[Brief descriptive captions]
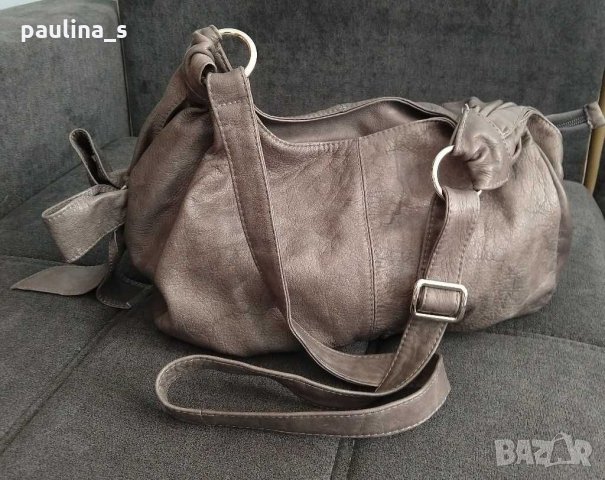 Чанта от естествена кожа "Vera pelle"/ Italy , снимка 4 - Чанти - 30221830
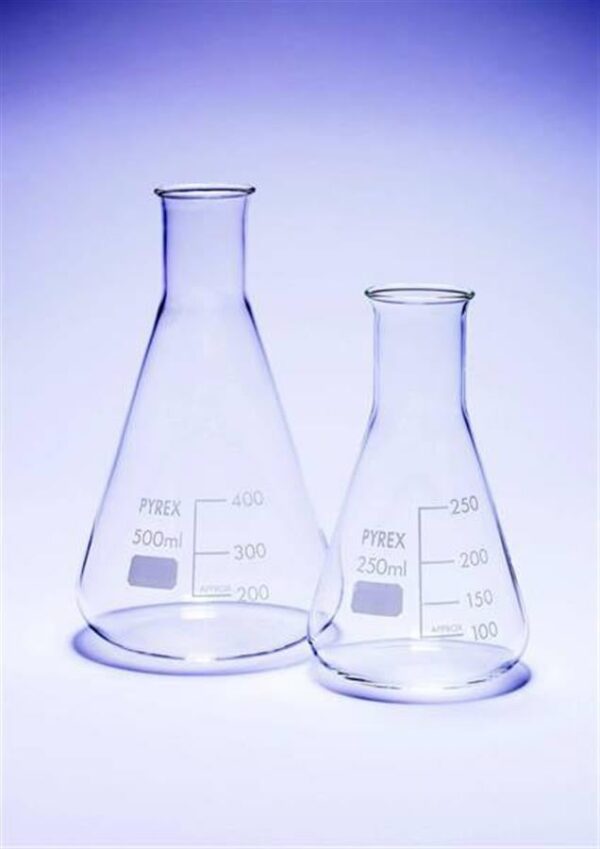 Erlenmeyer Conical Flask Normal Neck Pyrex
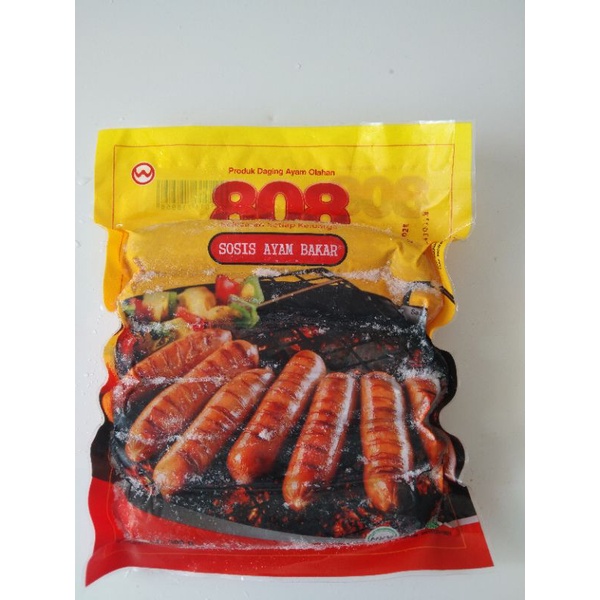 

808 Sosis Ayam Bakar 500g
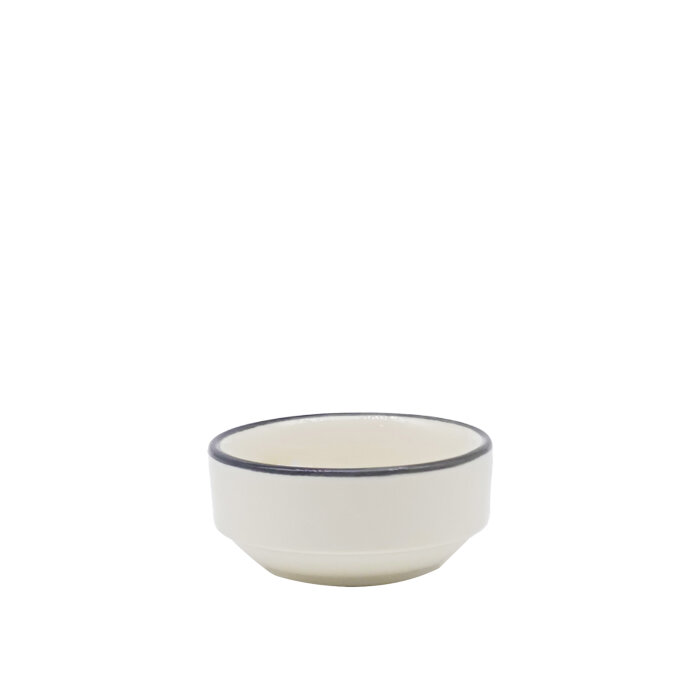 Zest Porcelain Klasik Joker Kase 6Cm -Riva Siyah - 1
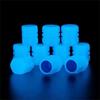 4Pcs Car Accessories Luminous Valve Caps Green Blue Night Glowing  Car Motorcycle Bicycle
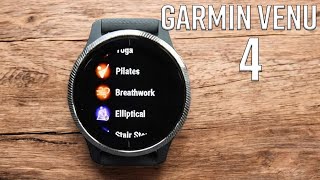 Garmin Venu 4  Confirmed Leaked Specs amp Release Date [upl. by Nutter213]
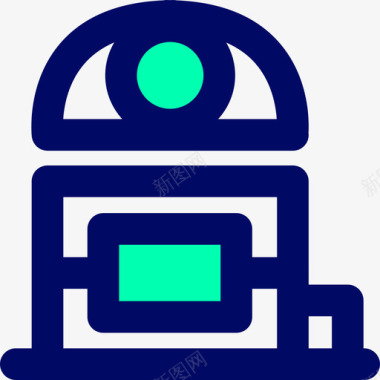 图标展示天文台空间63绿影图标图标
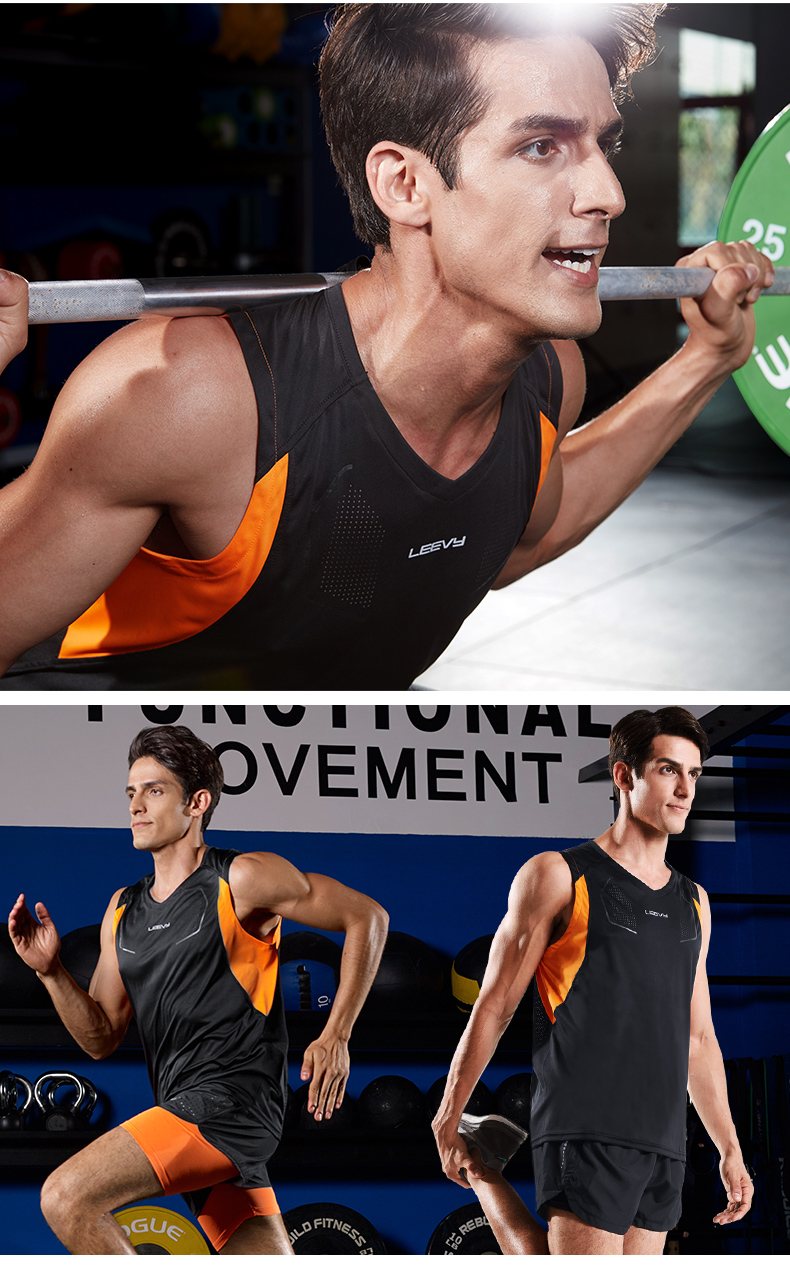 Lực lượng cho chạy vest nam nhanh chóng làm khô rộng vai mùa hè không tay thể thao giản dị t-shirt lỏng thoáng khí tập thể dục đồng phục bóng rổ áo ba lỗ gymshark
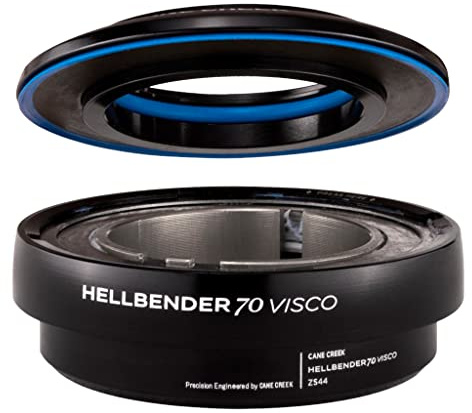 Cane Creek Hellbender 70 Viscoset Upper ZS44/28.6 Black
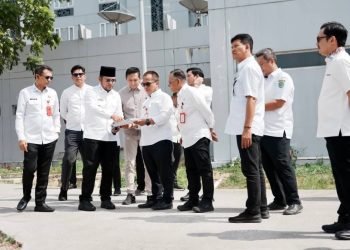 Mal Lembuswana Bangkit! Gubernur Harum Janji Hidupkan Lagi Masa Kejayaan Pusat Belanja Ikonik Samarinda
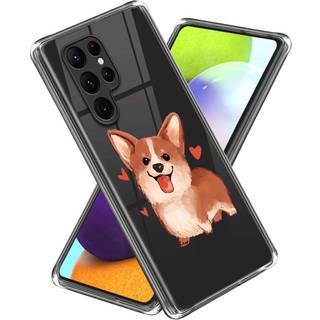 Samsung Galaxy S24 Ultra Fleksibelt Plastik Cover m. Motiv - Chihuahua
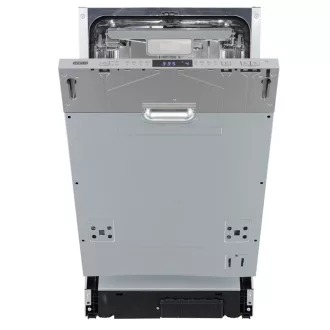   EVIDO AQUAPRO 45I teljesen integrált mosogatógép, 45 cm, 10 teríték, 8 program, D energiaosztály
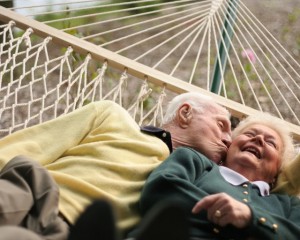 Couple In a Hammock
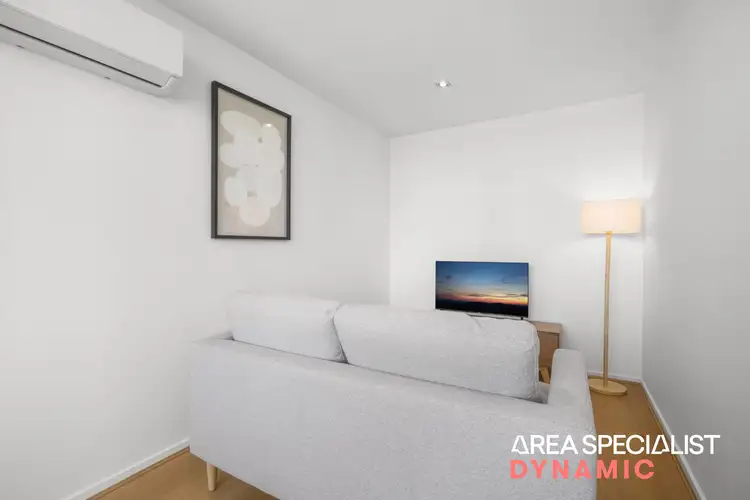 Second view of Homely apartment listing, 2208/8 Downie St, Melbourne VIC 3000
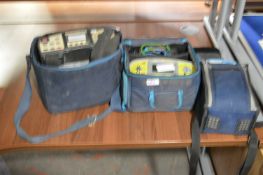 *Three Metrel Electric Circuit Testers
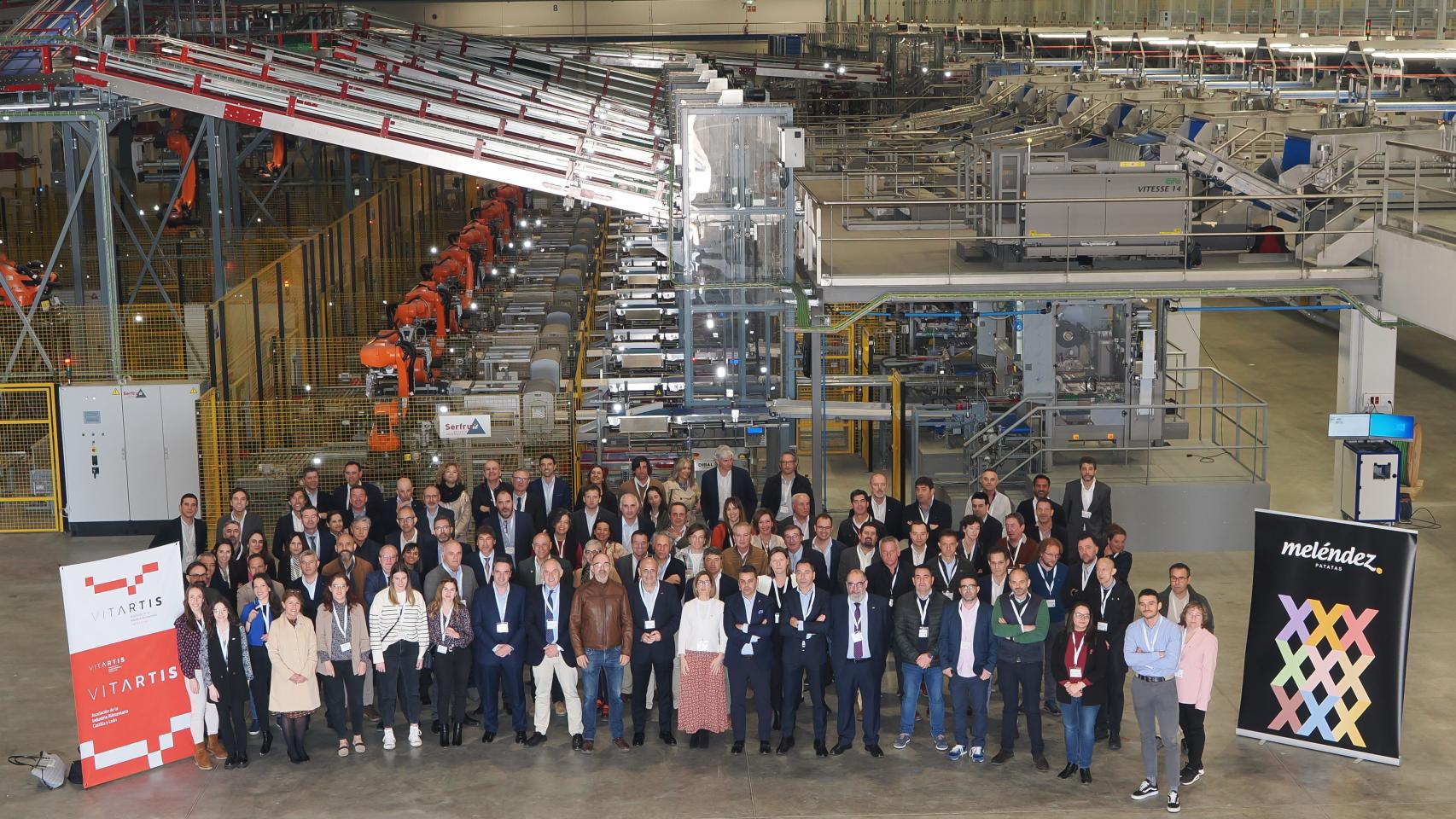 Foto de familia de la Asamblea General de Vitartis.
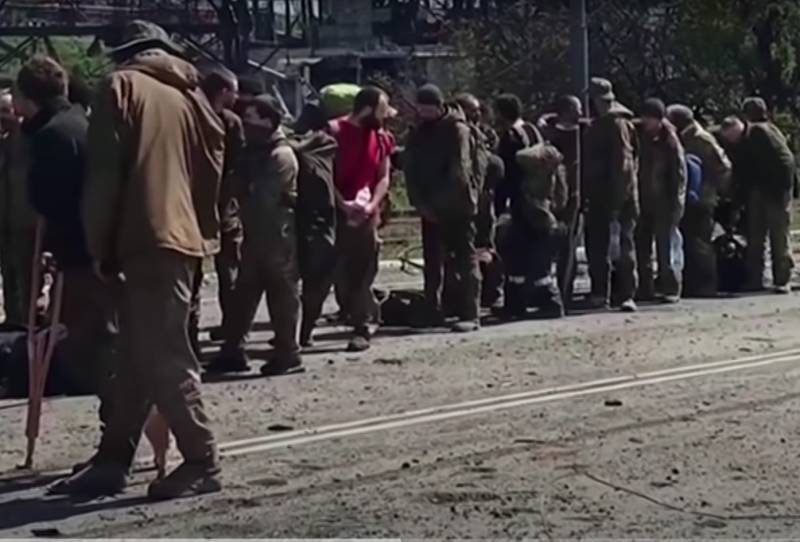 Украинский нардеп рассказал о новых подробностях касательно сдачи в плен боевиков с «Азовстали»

**PROMPT**
Every entry above is to be printed again exactly, pictures omitted.

**RESULT OF THE EXERCISE**
 Чанта от естествена кожа "Vera pelle"/ Italy , снимка 4 - Чанти - 30221830
 Erlenmeyer Conical Flask Normal Neck Pyrex

808 Sosis Ayam Bakar 500g
 Zest Porcelain Klasik Joker Kase 6Cm -Riva Siyah - 1
 4Pcs Car Accessories Luminous Valve Caps Green Blue Night Glowing  Car Motorcycle Bicycle
 Garmin Venu 4  Confirmed Leaked Specs amp Release Date [upl. by Nutter213]
 图标展示天文台空间63绿影图标图标
 Lực lượng cho chạy vest nam nhanh chóng làm khô rộng vai mùa hè không tay thể thao giản dị t-shirt lỏng thoáng khí tập thể dục đồng phục bóng rổ áo ba lỗ gymshark
 Cane Creek Hellbender 70 Viscoset Upper ZS44/28.6 Black
 Mal Lembuswana Bangkit! Gubernur Harum Janji Hidupkan Lagi Masa Kejayaan Pusat Belanja Ikonik Samarinda
 Samsung Galaxy S24 Ultra Fleksibelt Plastik Cover m. Motiv - Chihuahua
   EVIDO AQUAPRO 45I teljesen integrált mosogatógép, 45 cm, 10 teríték, 8 program, D energiaosztály
 Couple In a Hammock
 Second view of Homely apartment listing, 2208/8 Downie St, Melbourne VIC 3000
 *Three Metrel Electric Circuit Testers
 Foto de familia de la Asamblea General de Vitartis.
 Украинский нардеп рассказал о новых подробностях касательно сдачи в плен боевиков с «Азовстали»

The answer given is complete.